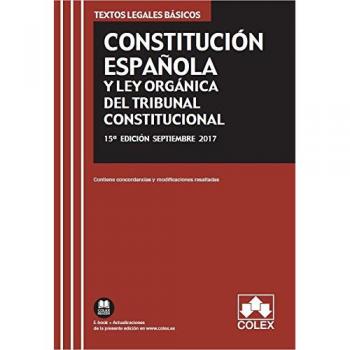 Constitución Española y Ley Orgánica del Tribunal Constitucional - Editorial Colex S.l.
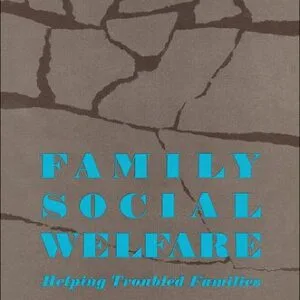 خرید و دانلود نسخه کامل کتاب Family Social Welfare: Helping Troubled Families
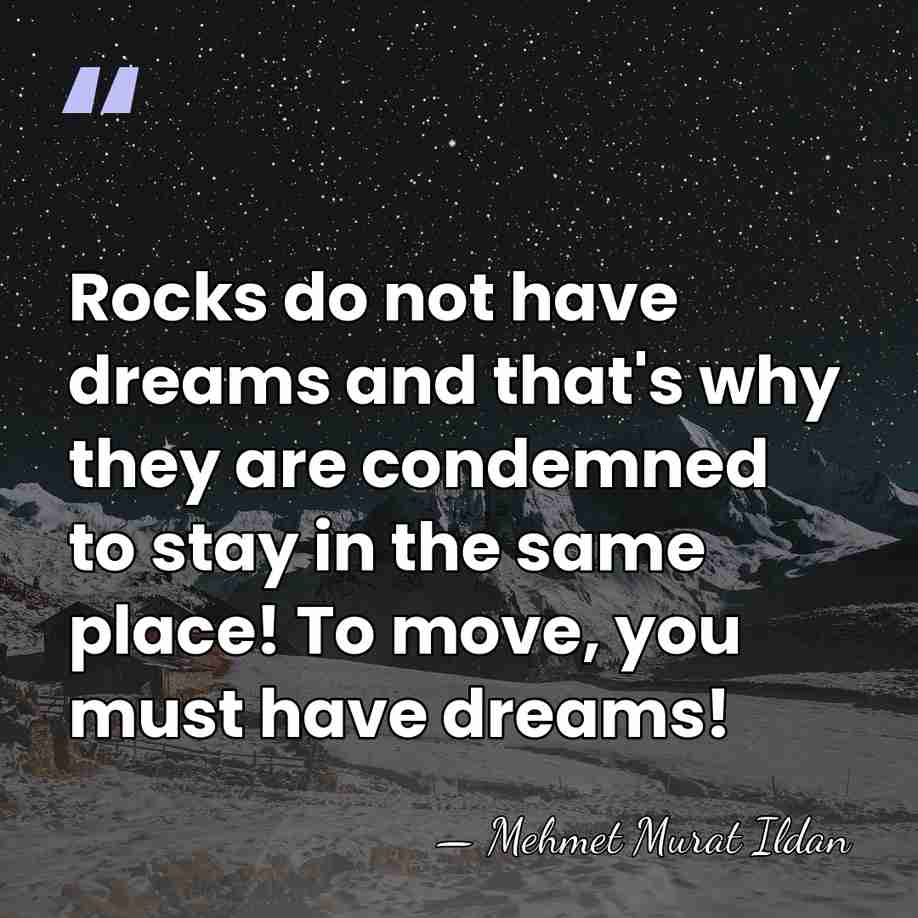 Rocks do not have dreams and that's why they are condemned to&hellip; - Mehmet Murat Ildan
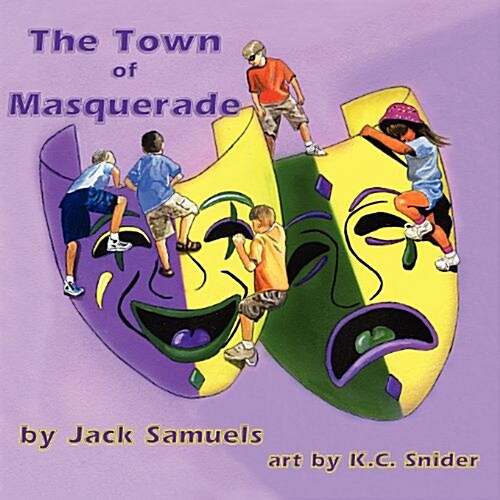 The Town of Masquerade (Paperback)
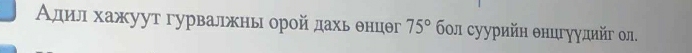 Αдил хажуут гурвалжны орой дахь θнцθг 75° бοл суурийн θнцгуулийг ол.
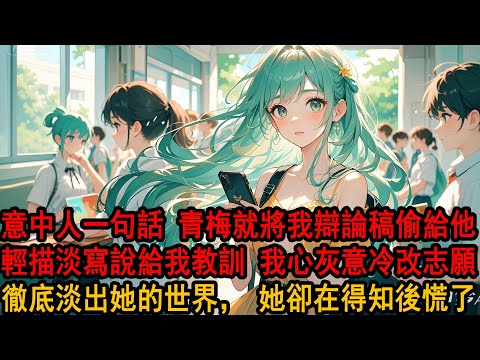 意中人一句話，青梅就將我的辯論稿偷給他，讓我錯失交換名額。面對我質問她卻描淡寫：不就是一個名額。那天起我不再黏著她，改了志願，漸漸淡出她的視野。她卻在得知錄取通知後，紅著眼跑來問我：不是說好一起的嗎？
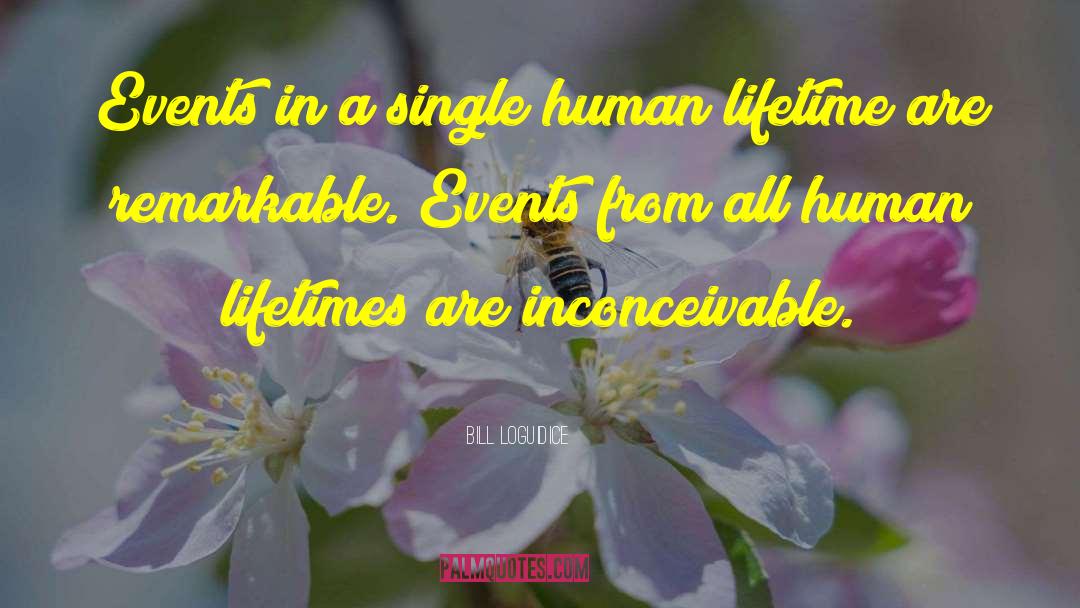 Bill Loguidice Quotes: Events in a single human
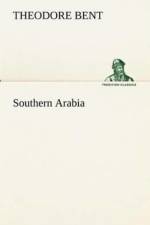 Southern Arabia af Mrs Bent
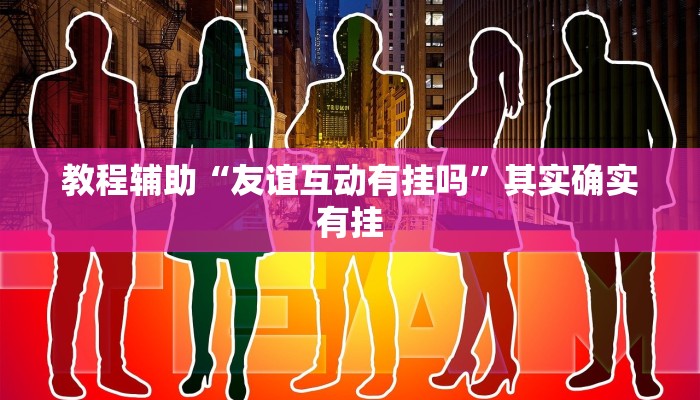 教程辅助“友谊互动有挂吗”其实确实有挂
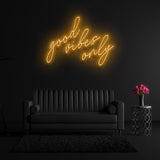 Good Vibes Only Neon Sign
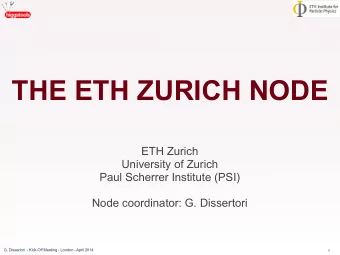 THE ETH ZURICH NODE  ETH Zurich  University of Zurich  Paul Scherrer Institute (PSI)  Node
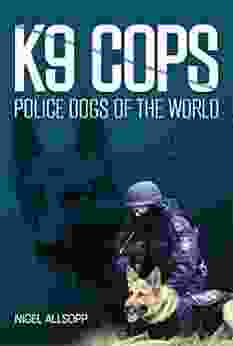 K9 Cops: Police Dogs Of The World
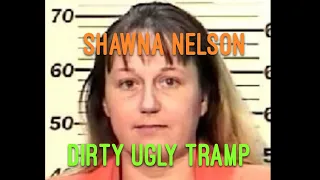 Shawna Nelson- A jealous pig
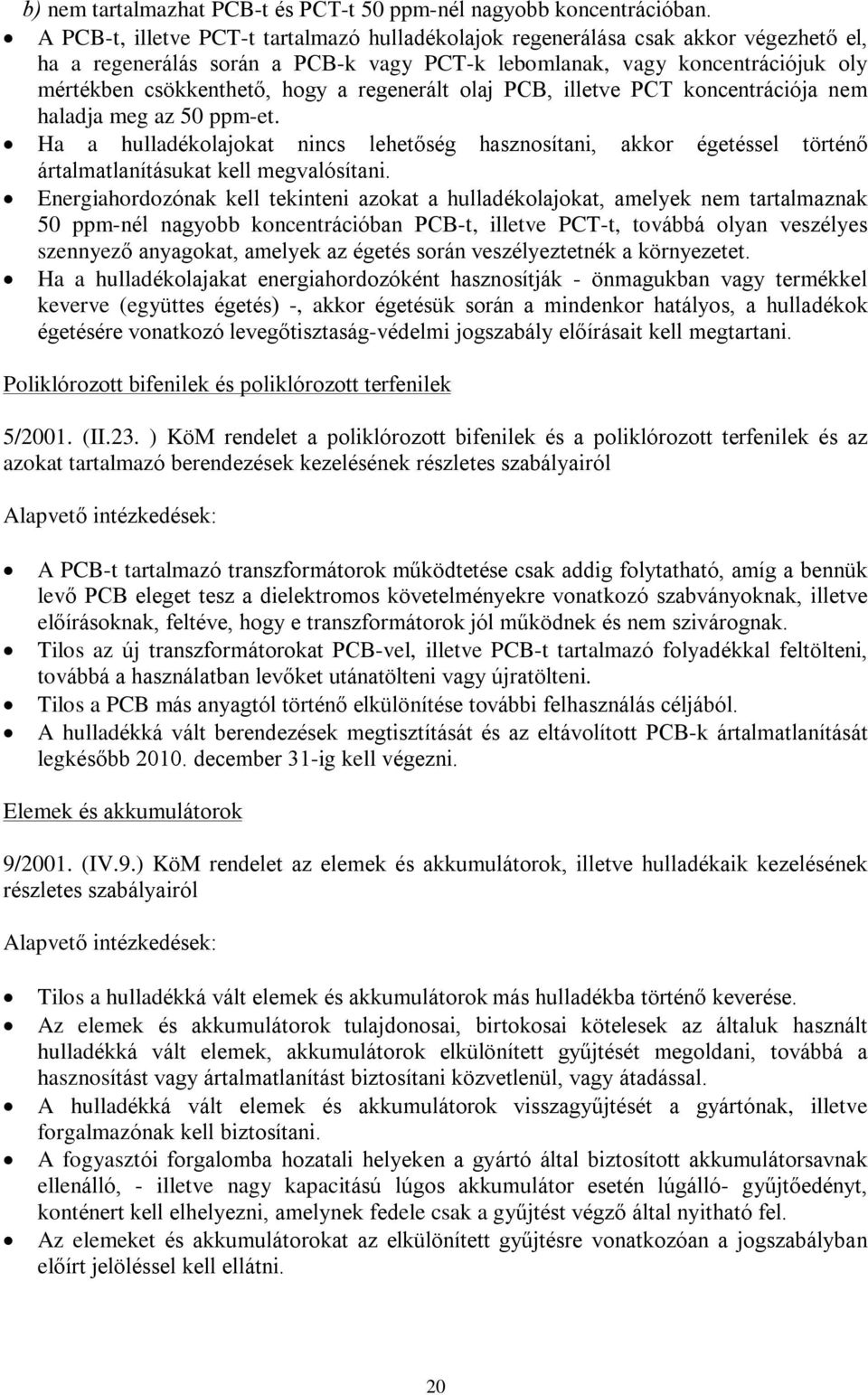 regenerált olaj PCB, illetve PCT koncentrációja nem haladja meg az 50 ppm-et. Ha a hulladékolajokat nincs lehetõség hasznosítani, akkor égetéssel történõ ártalmatlanításukat kell megvalósítani.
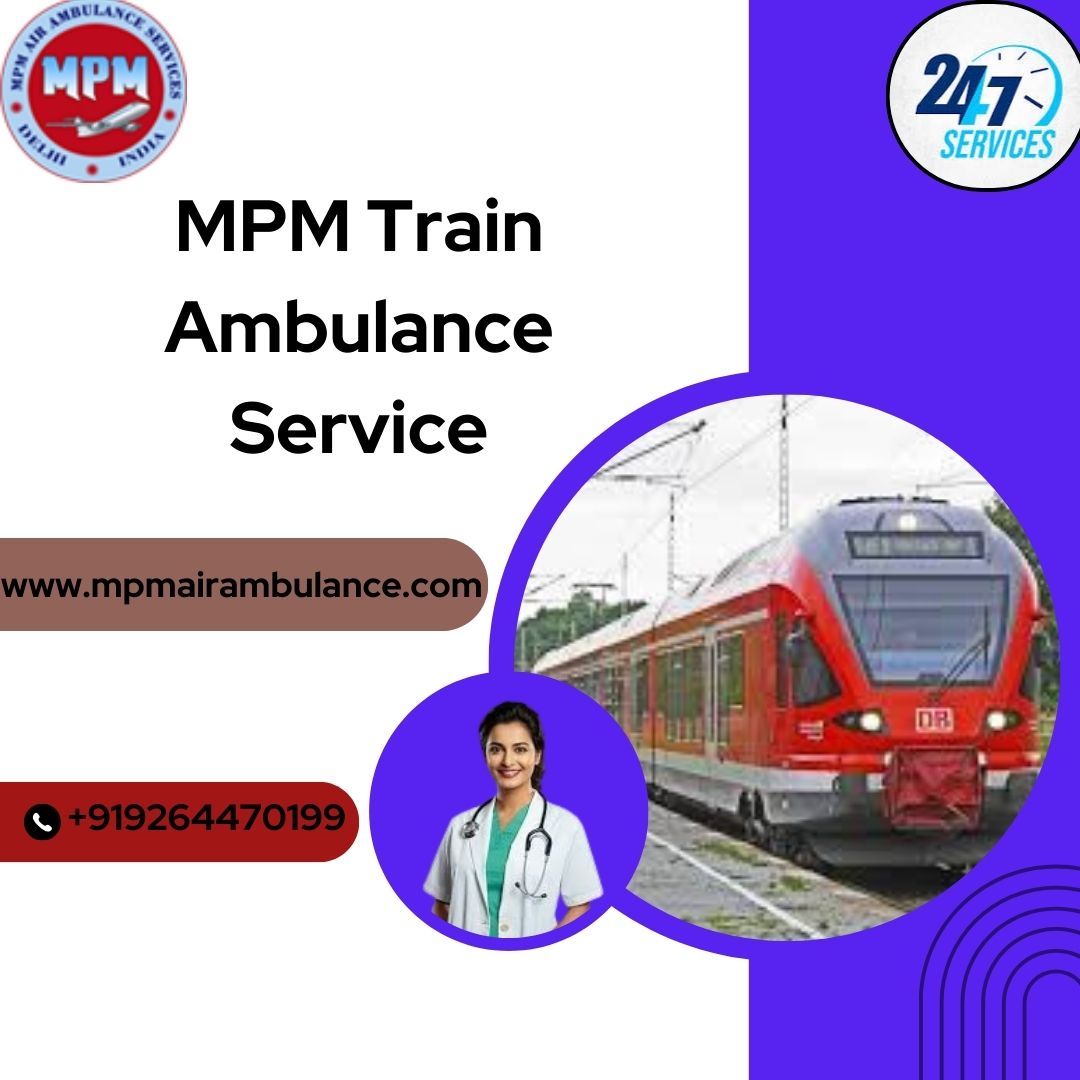 The MPM Train Ambulance Service in Silchar leads the way in providing care during the journey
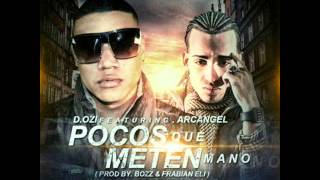 Arcangel- Pocos Que Meten Mano (Prod. By Bozz Y Frabian Eli)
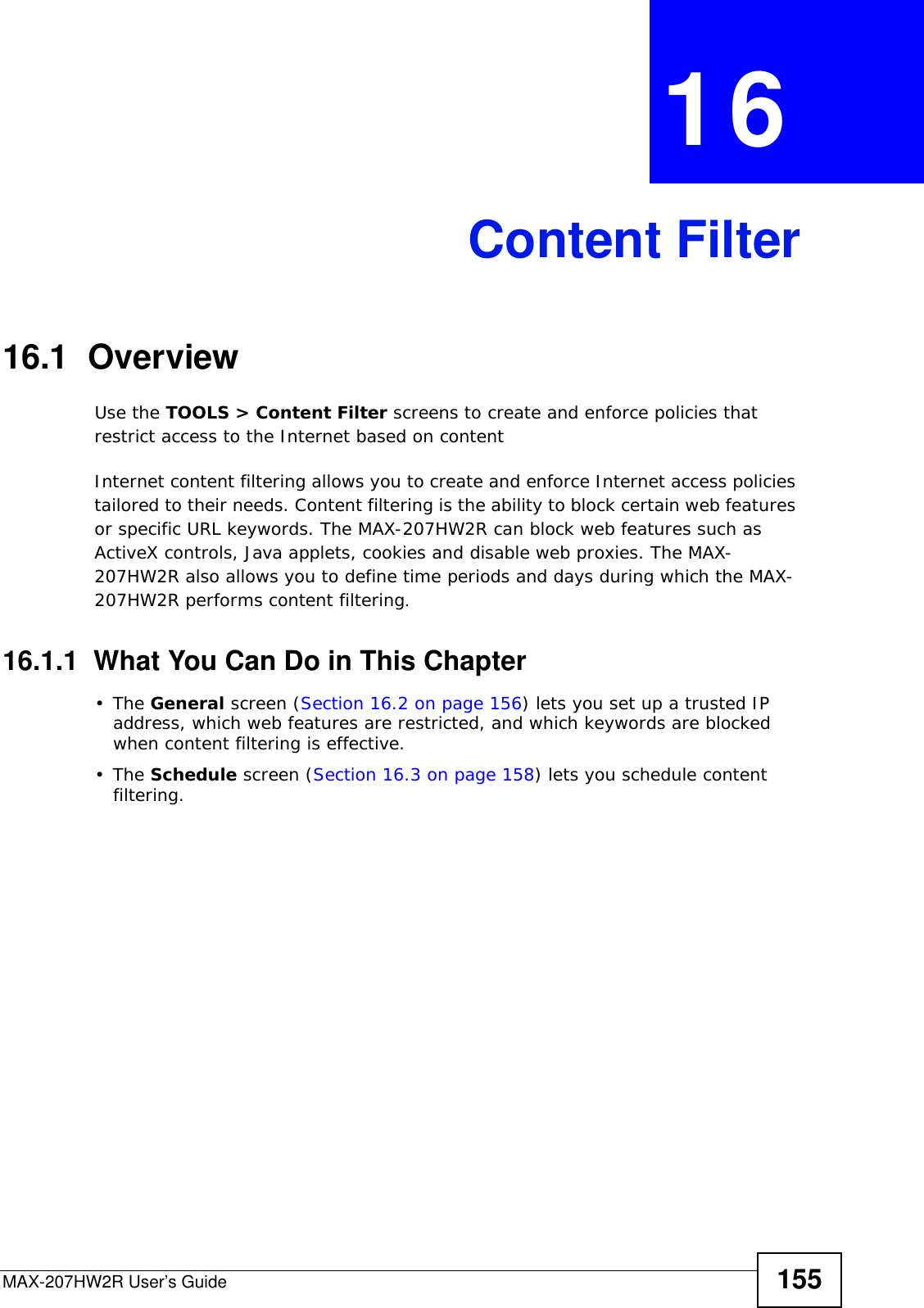 MAX-207HW2R User’s Guide 155CHAPTER  16 Content Filter16.1  OverviewUse the TOOLS &gt; Content Filter screens to create and enforce policies that restrict access to the Internet based on contentInternet content filtering allows you to create and enforce Internet access policies tailored to their needs. Content filtering is the ability to block certain web features or specific URL keywords. The MAX-207HW2R can block web features such as ActiveX controls, Java applets, cookies and disable web proxies. The MAX-207HW2R also allows you to define time periods and days during which the MAX-207HW2R performs content filtering.16.1.1  What You Can Do in This Chapter•The General screen (Section 16.2 on page 156) lets you set up a trusted IP address, which web features are restricted, and which keywords are blocked when content filtering is effective.•The Schedule screen (Section 16.3 on page 158) lets you schedule content filtering.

Aim of the task
Only an exact copy of the lines from the top of the entries through the line with "Southern Arabia af Mrs Bent", both included, should be given, with all pictures omitted.

Solution for this problem
 Constitución Española y Ley Orgánica del Tribunal Constitucional - Editorial Colex S.l.
 خرید و دانلود نسخه کامل کتاب Family Social Welfare: Helping Troubled Families
 Rocks do not have dreams and that's why they are condemned to&hellip; - Mehmet Murat Ildan
 The Town of Masquerade (Paperback)
 Αдил хажуут гурвалжны орой дахь θнцθг 75° бοл суурийн θнцгуулийг ол.
 意中人一句話，青梅就將我的辯論稿偷給他，讓我錯失交換名額。面對我質問她卻描淡寫：不就是一個名額。那天起我不再黏著她，改了志願，漸漸淡出她的視野。她卻在得知錄取通知後，紅著眼跑來問我：不是說好一起的嗎？
 Bill Loguidice Quotes: Events in a single human
 Southern Arabia af Mrs Bent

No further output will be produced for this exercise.